◆ Record extracts:
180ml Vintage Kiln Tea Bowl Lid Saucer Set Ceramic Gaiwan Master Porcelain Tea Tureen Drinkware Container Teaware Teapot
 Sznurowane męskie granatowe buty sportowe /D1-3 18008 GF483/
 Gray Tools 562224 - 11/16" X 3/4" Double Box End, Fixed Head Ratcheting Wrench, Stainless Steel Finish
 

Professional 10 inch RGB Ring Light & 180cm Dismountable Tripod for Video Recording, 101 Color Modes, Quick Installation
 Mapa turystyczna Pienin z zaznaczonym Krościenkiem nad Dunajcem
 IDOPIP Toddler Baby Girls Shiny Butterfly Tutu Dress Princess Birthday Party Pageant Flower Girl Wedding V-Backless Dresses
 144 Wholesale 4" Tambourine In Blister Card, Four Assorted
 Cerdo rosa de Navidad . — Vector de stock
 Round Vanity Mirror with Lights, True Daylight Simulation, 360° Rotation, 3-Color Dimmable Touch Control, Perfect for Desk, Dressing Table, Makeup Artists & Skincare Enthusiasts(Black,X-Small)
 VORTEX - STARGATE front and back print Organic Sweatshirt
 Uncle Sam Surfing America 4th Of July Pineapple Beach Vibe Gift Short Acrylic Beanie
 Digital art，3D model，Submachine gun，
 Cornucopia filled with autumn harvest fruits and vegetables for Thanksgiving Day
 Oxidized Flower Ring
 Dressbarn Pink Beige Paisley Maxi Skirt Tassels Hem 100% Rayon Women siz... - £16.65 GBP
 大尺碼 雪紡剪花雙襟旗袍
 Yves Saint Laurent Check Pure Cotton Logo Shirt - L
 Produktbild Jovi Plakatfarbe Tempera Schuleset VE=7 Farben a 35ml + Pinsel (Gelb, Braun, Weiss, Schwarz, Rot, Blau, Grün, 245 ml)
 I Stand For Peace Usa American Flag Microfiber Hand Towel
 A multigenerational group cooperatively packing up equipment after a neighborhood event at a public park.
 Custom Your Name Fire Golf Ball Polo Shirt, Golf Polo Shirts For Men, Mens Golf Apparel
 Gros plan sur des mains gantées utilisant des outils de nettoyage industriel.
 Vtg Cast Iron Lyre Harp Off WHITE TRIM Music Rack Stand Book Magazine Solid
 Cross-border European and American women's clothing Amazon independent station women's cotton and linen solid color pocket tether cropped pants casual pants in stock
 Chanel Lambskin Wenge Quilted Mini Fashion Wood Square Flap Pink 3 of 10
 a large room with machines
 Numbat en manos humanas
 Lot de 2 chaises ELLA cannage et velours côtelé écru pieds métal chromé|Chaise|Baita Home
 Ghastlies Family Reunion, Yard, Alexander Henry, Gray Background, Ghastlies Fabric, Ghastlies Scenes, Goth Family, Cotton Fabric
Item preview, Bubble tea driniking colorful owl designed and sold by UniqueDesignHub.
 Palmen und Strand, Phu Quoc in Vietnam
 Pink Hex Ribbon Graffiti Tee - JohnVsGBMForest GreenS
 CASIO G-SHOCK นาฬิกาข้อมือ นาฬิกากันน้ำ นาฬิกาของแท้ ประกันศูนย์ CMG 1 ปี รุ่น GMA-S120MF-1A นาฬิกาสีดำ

◆ What to produce:
Above this task is a listing. Restate, word for word and with nothing added, the lines from the one with "Mapa turystyczna Pienin" through the one with "Numbat en manos humanas".

◆ Written solution:
 Mapa turystyczna Pienin z zaznaczonym Krościenkiem nad Dunajcem
 IDOPIP Toddler Baby Girls Shiny Butterfly Tutu Dress Princess Birthday Party Pageant Flower Girl Wedding V-Backless Dresses
 144 Wholesale 4" Tambourine In Blister Card, Four Assorted
 Cerdo rosa de Navidad . — Vector de stock
 Round Vanity Mirror with Lights, True Daylight Simulation, 360° Rotation, 3-Color Dimmable Touch Control, Perfect for Desk, Dressing Table, Makeup Artists & Skincare Enthusiasts(Black,X-Small)
 VORTEX - STARGATE front and back print Organic Sweatshirt
 Uncle Sam Surfing America 4th Of July Pineapple Beach Vibe Gift Short Acrylic Beanie
 Digital art，3D model，Submachine gun，
 Cornucopia filled with autumn harvest fruits and vegetables for Thanksgiving Day
 Oxidized Flower Ring
 Dressbarn Pink Beige Paisley Maxi Skirt Tassels Hem 100% Rayon Women siz... - £16.65 GBP
 大尺碼 雪紡剪花雙襟旗袍
 Yves Saint Laurent Check Pure Cotton Logo Shirt - L
 Produktbild Jovi Plakatfarbe Tempera Schuleset VE=7 Farben a 35ml + Pinsel (Gelb, Braun, Weiss, Schwarz, Rot, Blau, Grün, 245 ml)
 I Stand For Peace Usa American Flag Microfiber Hand Towel
 A multigenerational group cooperatively packing up equipment after a neighborhood event at a public park.
 Custom Your Name Fire Golf Ball Polo Shirt, Golf Polo Shirts For Men, Mens Golf Apparel
 Gros plan sur des mains gantées utilisant des outils de nettoyage industriel.
 Vtg Cast Iron Lyre Harp Off WHITE TRIM Music Rack Stand Book Magazine Solid
 Cross-border European and American women's clothing Amazon independent station women's cotton and linen solid color pocket tether cropped pants casual pants in stock
 Chanel Lambskin Wenge Quilted Mini Fashion Wood Square Flap Pink 3 of 10
 a large room with machines
 Numbat en manos humanas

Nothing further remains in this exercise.